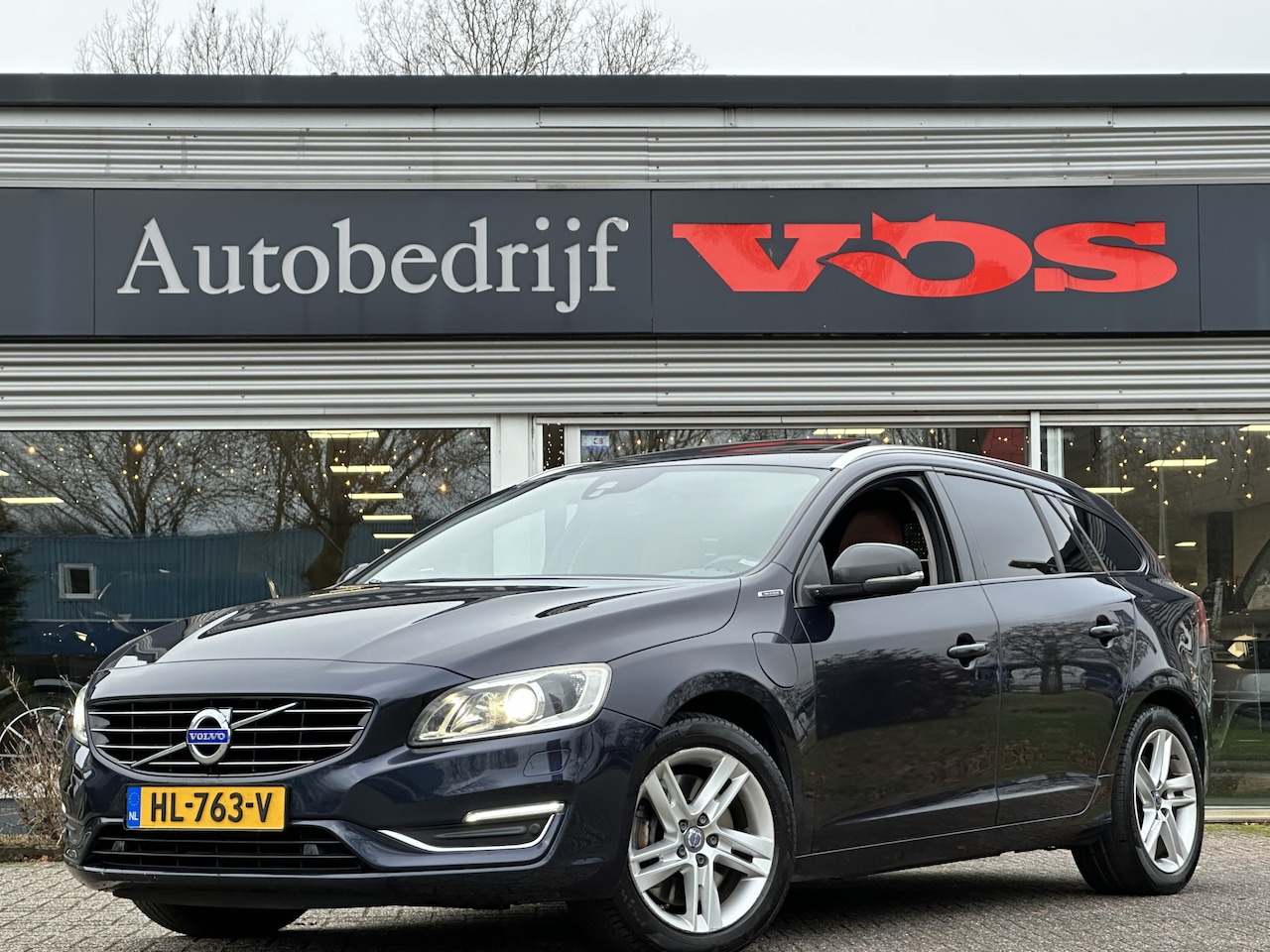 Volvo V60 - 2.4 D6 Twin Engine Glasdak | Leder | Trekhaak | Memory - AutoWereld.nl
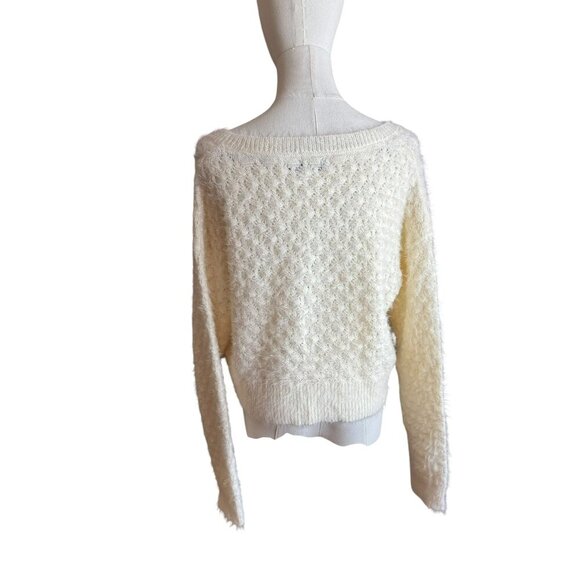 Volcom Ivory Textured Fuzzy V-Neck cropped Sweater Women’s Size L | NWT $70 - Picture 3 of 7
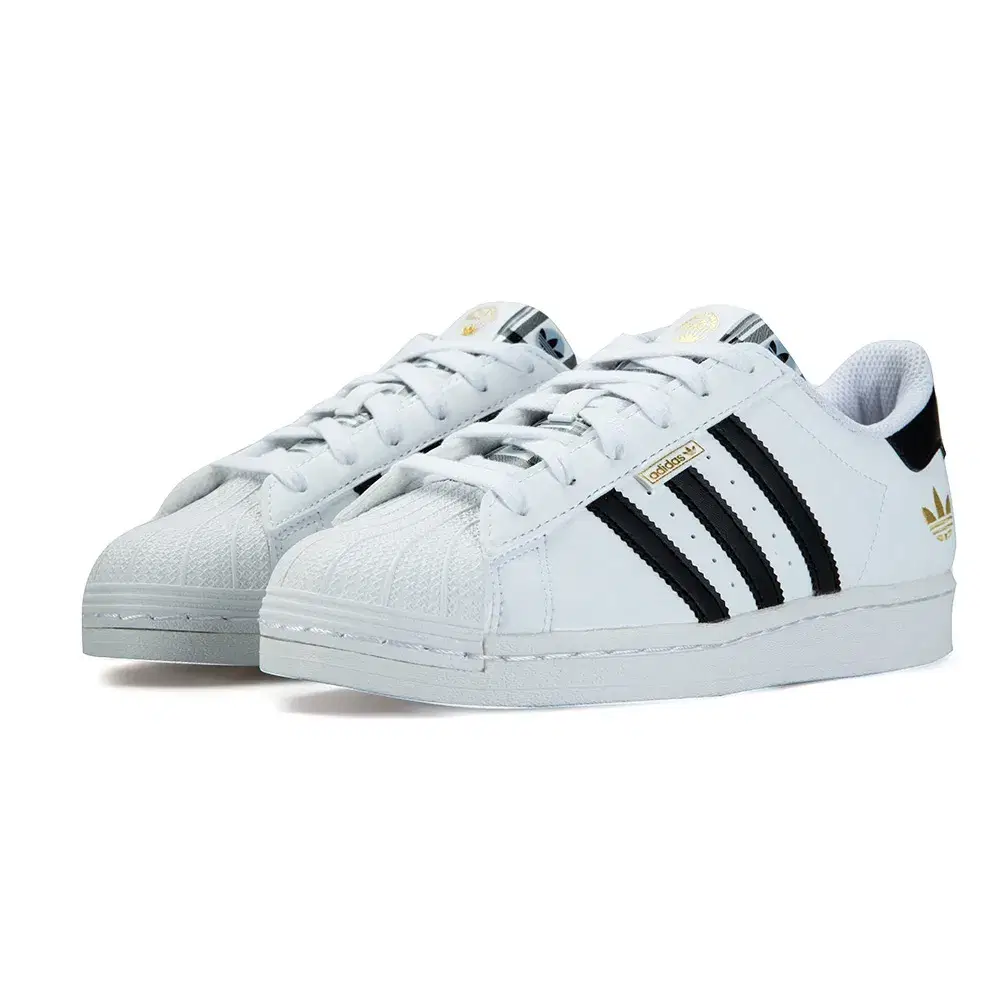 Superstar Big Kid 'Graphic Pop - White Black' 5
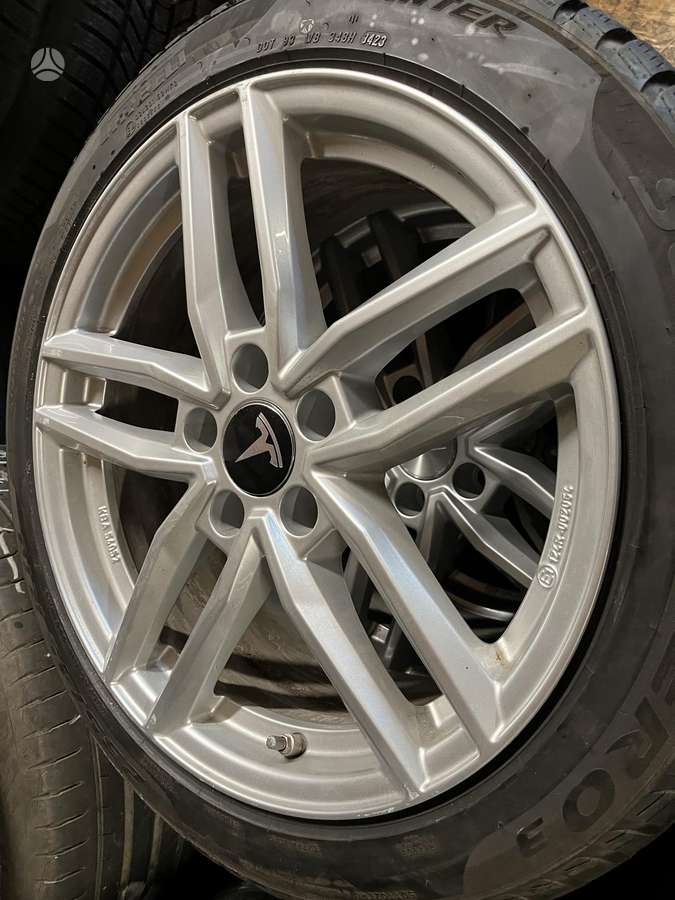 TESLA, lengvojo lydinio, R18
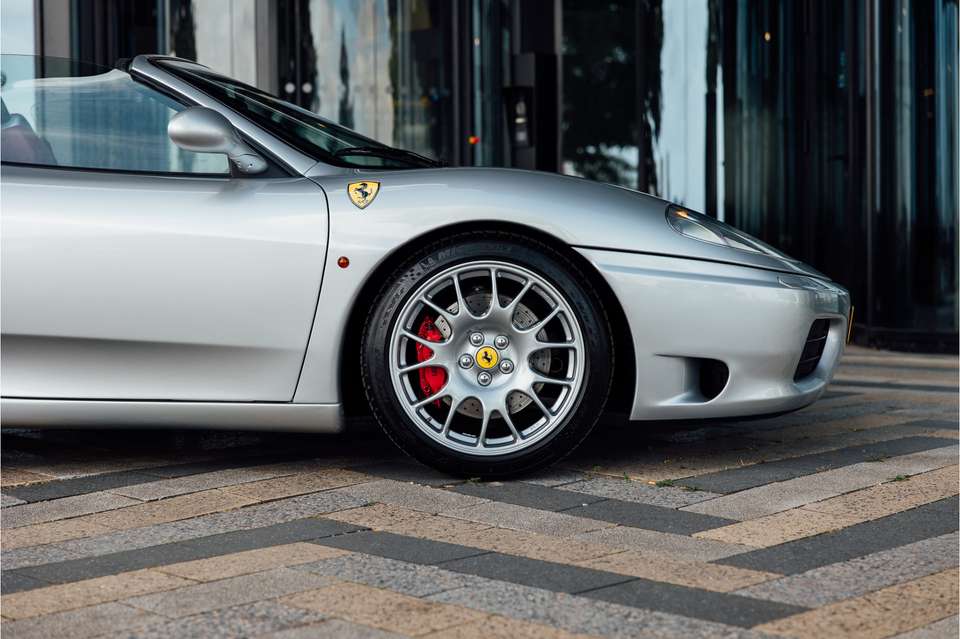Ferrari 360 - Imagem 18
====================
**Your assignment**
Once the line containing "Superstar Big Kid" is found, it and every line through the end of the records above should be output exactly, with no pictures.

**Answer**
 Superstar Big Kid 'Graphic Pop - White Black' 5
 TESLA, lengvojo lydinio, R18
Ferrari 360 - Imagem 18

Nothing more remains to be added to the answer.